Book Review: “The Chemistry Between Us” by Larry Young PhD and Brian Alexander

Until reading this book, I didn’t know how much of our behaviors are shaped by the chemistry in our brain, especially the ones between the sexes. Many kinds of our bodily chemicals are introduced here: oxytocin, dopamine, vasopressin, tosterone and etc. I learned a lot about the sexual behavior of animals like Angler Fish, Bonobos, and etc. This is a very interesting book. In a way, it ruined my perception of love but it explains a lot of our human behavior between sexes. We owe a lot to our human evolution that shapes our brain to propagate our species. Most of time it’s above our “free will.” This is an excellent book if you’re interested in how the various chemicals affect our brain.

A short summary is here:

Chapter 1: Building a Sexual Brain
The story of machihembra was the first I read about. Interesting that girls turn into a boy at twelve years old in Dominican Republic. Society does not make sexual gender. Boys and girls are made differently started in the brain, not dictated by socialization nor the genitals which they’re born with.

Chapter 2: The Chemistry of Desire
Estrogen or production of progesterone receptors during ovulation (in estrous) puts animals (mouses, cats) and women in heat or more receptive to mating. Testosterone drops when men are near their babies or losing a sports match. It rises when encountering another ovulating female, also more mate-guarding behavior.
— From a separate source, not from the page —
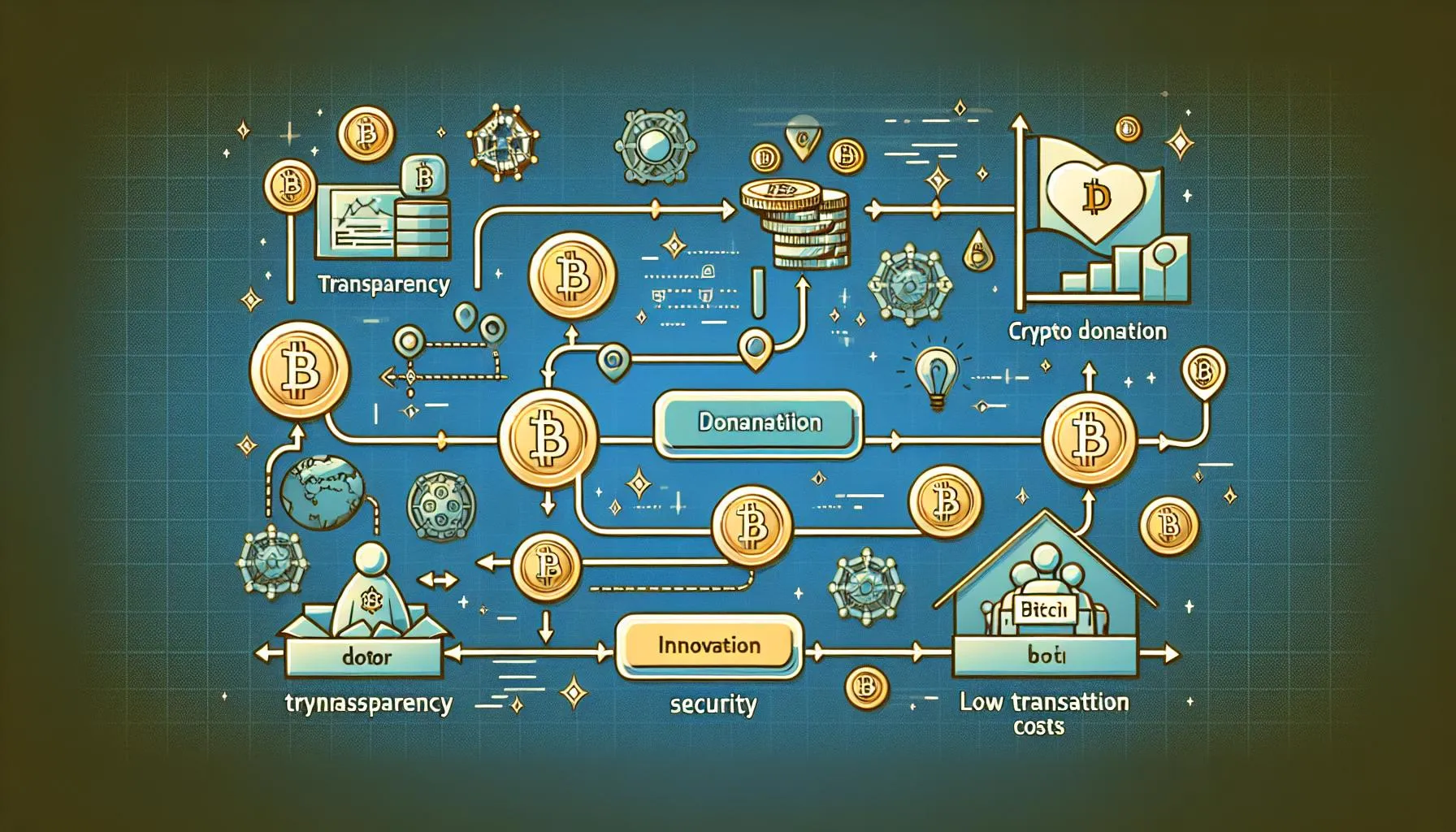 Charitable giving with cryptocurrency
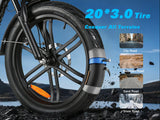 SAMEBIKE CY20 Pro elektrinis dviratis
Chapter 3: The Power of Appetite
Our appetite is based on MPOA (medial preoptic area), nucleus accumbens, the amygdala, and the VTA. Dopamine hits D1 receptors of MPOA, we become attentive to sex-related cues. MPOA directs the parasympathetic nervous system to send blood to the genitals, creating erections in males and clitoral engorgement in females. VTA transmits dopamine into the prefrontal cortex (disinhibiting sexual desire and giving us tunnel vision for cues that lead to satisfying the desire. After orgasm, Endocannabinoids, the brain version of marijuana, make use a little sleepy. Serotonin gushes, inducing a feeling of calms, satiety, and satisfaction. Endorphins floods into the limbic system and hypothalamic area. Fetishes or partner preferences can be developed from early sexual experience due to satisfying the specific appetite via dopamine release.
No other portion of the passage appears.